Small Stakes in BLAMELESS

I have a lot of respect for independent game artists who are making games out of a sense of love of the genre.  Vaclav Hudec. the creator of Blameless, is one of these people.  His website biography, as stated, marks him as someone I think I'd get along with.  Several of the games he mentions as inspiration - One Late Night, Amnesia, Slender - are games I've talked about on this blog.  Clearly Mr. Hudec is a man of great taste.

But more importantly, what intrigues me about Blameless isn't merely that it has taken some of the right lessons from the aforementioned games, but it adds its own unique twist to the mix, deliberately or accidentally.

It's difficult to talk about Blameless without going full spoilers, so if you'd like to try it - and I think you should, if you're a fan of the genre - you can download it on Steam for F-R-E-E and play through it in as little as twenty minutes.  The length is not a criticism; regular readers will remember that The House Abandon  was one of my favourite experiences lasting a similar amount of time.  Indeed, the length of Blameless may in fact be a strength to its very simple, straightforward plot.

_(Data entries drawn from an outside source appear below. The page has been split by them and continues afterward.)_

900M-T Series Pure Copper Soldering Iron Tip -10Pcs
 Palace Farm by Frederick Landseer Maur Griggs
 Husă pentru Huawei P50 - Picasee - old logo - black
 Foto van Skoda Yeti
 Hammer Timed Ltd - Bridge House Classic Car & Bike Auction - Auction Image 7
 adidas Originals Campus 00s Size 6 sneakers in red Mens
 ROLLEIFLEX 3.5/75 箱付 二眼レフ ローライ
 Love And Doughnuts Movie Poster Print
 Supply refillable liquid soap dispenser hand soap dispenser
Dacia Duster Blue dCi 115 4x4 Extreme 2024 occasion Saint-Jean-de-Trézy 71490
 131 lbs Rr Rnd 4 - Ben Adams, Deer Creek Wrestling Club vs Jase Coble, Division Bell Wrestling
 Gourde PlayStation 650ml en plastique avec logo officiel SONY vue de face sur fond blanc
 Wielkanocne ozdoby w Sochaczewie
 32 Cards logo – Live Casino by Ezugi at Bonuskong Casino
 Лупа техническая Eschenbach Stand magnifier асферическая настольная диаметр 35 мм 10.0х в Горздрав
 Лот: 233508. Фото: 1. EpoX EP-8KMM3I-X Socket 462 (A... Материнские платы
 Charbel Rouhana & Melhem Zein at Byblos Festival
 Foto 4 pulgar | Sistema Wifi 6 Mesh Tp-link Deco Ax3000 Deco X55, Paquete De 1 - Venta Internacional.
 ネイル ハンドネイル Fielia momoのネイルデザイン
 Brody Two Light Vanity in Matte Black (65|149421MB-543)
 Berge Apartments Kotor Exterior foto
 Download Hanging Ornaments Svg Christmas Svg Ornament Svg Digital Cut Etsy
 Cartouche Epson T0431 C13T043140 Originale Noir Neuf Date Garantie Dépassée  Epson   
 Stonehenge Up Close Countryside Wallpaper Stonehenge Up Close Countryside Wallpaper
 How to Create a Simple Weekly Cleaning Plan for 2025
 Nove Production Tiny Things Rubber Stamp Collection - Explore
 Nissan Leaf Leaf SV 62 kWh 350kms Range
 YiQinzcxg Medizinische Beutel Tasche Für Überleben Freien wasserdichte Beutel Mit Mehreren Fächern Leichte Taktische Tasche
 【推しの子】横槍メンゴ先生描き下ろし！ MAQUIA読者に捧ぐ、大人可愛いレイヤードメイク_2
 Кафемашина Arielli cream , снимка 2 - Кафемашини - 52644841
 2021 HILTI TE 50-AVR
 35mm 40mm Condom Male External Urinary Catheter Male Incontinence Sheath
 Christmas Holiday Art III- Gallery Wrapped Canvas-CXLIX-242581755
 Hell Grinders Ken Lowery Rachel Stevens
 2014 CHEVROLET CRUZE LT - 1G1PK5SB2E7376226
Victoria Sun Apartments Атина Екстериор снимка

That plot sees you placed in the role of a young architect, asked by a private client to help with the interior design of his large house, currently under construction.  When you arrive on the site, you notice a bloodstain on the floor.  Just as you're about to do the wise thing and get the hell out of dodge, your mysterious client knocks you out cold.  Waking up, you find yourself locked in a room inside the unfinished house, and must find your way out.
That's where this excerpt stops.